WORK REQUIRED: Return every line from the records below with the string "Back".

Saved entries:
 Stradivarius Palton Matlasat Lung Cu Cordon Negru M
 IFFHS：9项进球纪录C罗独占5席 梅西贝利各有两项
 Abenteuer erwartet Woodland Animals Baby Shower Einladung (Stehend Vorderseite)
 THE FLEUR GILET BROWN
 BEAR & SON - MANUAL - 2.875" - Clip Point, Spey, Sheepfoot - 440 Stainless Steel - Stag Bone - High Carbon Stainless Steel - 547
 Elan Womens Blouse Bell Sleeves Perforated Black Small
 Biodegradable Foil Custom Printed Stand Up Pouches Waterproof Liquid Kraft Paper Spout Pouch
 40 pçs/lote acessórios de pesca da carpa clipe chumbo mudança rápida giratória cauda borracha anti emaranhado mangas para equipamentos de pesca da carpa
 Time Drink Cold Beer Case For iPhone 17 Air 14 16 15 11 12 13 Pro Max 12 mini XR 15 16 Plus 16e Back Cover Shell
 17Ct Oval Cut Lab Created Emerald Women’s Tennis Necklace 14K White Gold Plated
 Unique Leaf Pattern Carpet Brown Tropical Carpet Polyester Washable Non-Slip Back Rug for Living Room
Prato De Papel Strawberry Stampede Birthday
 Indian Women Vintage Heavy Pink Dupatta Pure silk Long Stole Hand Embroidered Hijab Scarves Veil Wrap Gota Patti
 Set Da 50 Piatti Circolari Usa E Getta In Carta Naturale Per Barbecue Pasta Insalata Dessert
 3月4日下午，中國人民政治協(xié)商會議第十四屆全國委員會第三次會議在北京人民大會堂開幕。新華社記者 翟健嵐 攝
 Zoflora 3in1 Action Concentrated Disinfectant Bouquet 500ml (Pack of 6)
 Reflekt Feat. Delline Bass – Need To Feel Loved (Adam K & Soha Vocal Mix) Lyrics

ANSWER SPACE:
 Time Drink Cold Beer Case For iPhone 17 Air 14 16 15 11 12 13 Pro Max 12 mini XR 15 16 Plus 16e Back Cover Shell
 Unique Leaf Pattern Carpet Brown Tropical Carpet Polyester Washable Non-Slip Back Rug for Living Room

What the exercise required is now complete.